Contributing to GC3Pie¶
First of all, thanks for wanting to contribute to GC3Pie! GC3Pie is an open-ended endeavour, and we’re always looking for new ideas, suggestions, and new code. (And also, for fixes to bugs old and new ;-))
The paragraphs below should brief you about the organization of the GC3Pie code repositories, and the suggested guidelines for code and documentation style. Feel free to request more info or discuss the existing recommendations on the GC3Pie mailing list
Code repository organization¶
GC3Pie code is hosted in a Google Code repository, which you can access online or using any Subversion client. Refer to the checkout instructions to grab a copy of the sources.

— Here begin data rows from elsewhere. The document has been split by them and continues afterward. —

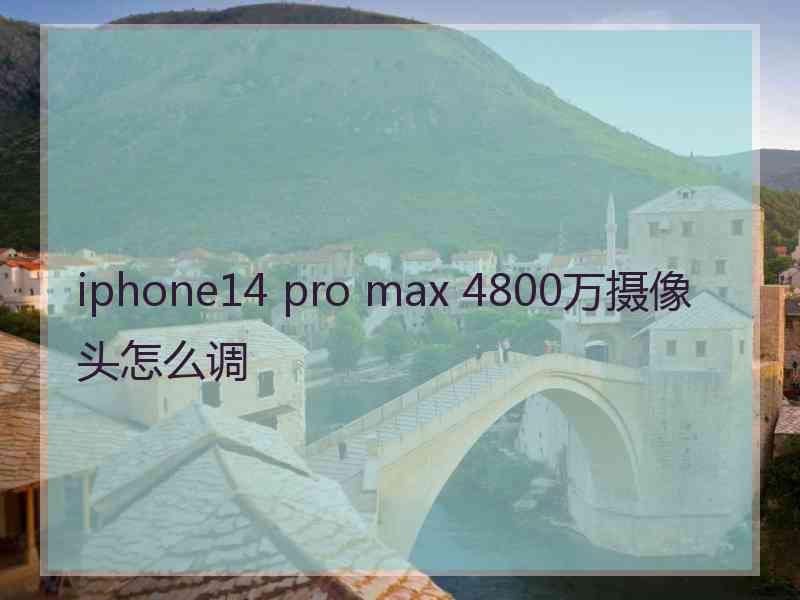 iphone14 pro max 4800万摄像头怎么调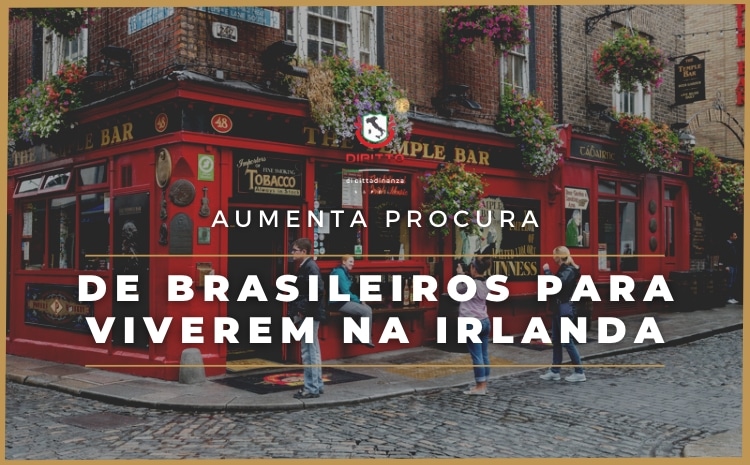 Aumenta a busca de brasileiros por uma nova vida na Irlanda. E o Passaporte Italiano é o grande aliado neste sonho.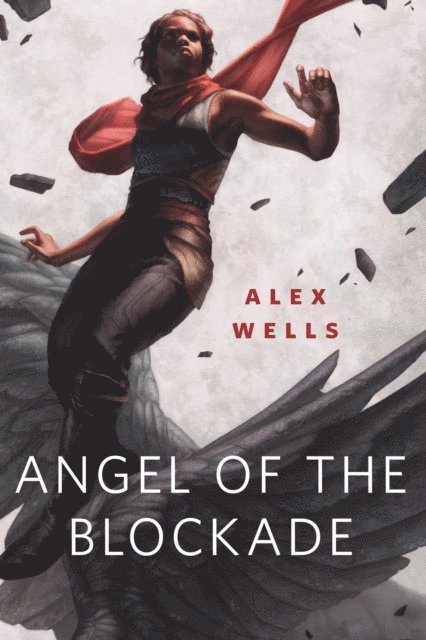 Alex Acks - Angel of the Blockade, E-bok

Please note that anyone can read the sources, but you need to be granted committer status before you can make any modifications into the code; read section how can I get access to the SVN repository? below to request write-access to the repository.
Repository structure¶
The GC3Pie code repository follows the standard subversion layout:
trunk
is the place for development code: it has all the latest and greatest features, and also the newest and nastiest bugs.tags
is where released code is: each subdirectory oftags
is a snapshot of a release of GC3Pie code, and should never change.branches
are alternative development lines, for instance code from past releases that still gets bugfixes, or experimental features that have not been implemented in the main development linetrunk
(because, e.g., they require a radical API change).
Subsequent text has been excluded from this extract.